> Task details: Could you return each entry below exactly as written, minus any pictures?

(Collected data entries)
---*---
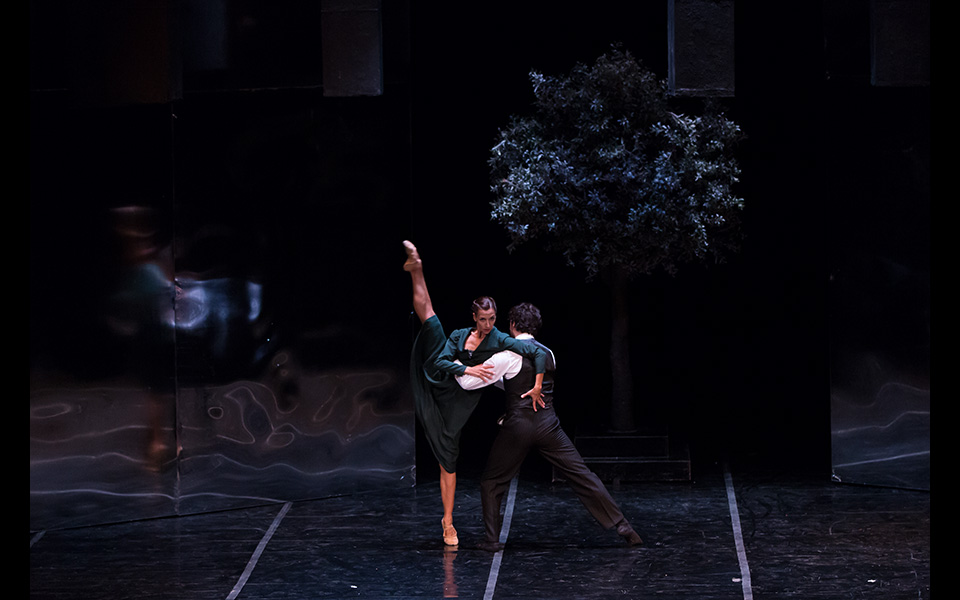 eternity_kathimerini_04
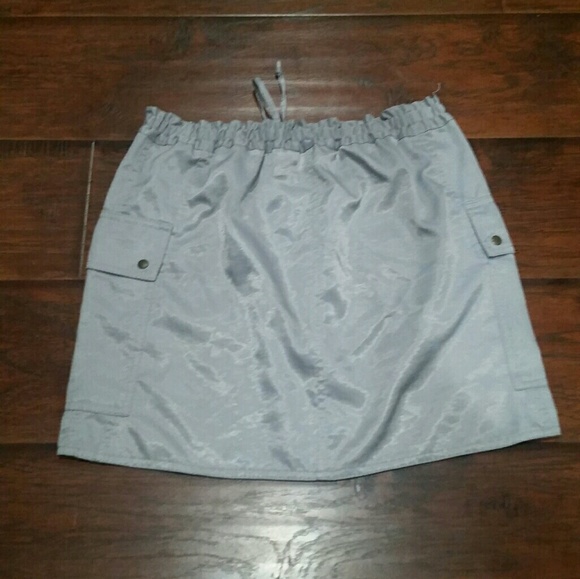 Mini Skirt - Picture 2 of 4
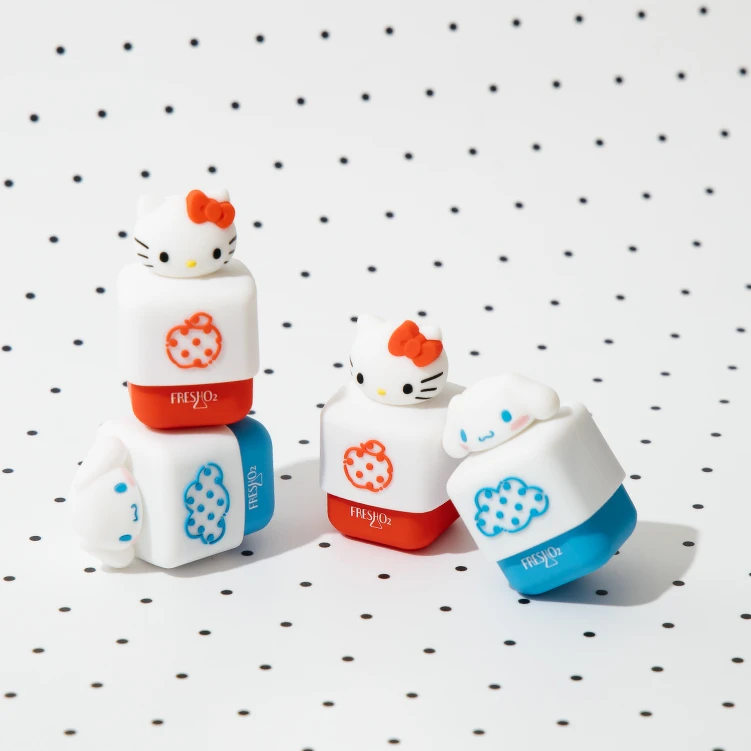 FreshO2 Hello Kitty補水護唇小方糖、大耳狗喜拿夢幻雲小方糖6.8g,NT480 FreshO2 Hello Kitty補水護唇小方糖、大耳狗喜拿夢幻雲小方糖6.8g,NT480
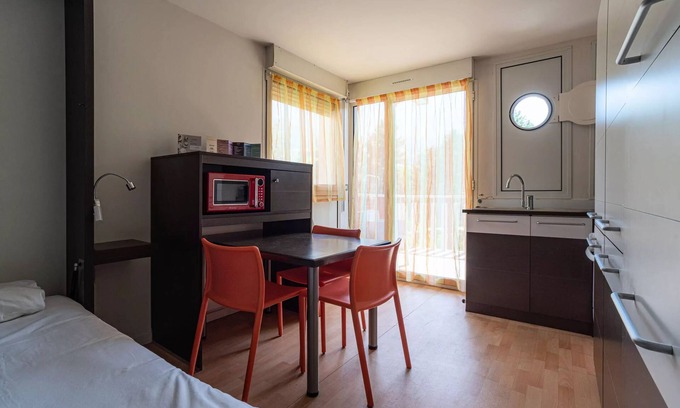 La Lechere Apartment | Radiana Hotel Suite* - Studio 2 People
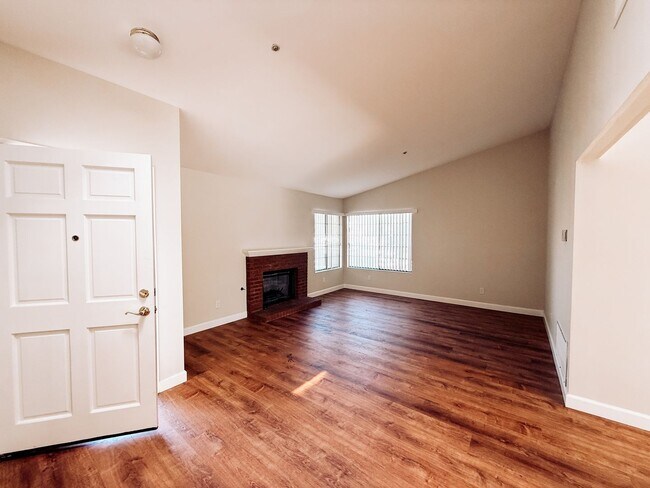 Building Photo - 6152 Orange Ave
---*---
> Solution to this task:
 eternity_kathimerini_04
 Mini Skirt - Picture 2 of 4
 FreshO2 Hello Kitty補水護唇小方糖、大耳狗喜拿夢幻雲小方糖6.8g,NT480 FreshO2 Hello Kitty補水護唇小方糖、大耳狗喜拿夢幻雲小方糖6.8g,NT480
 La Lechere Apartment | Radiana Hotel Suite* - Studio 2 People
 Building Photo - 6152 Orange Ave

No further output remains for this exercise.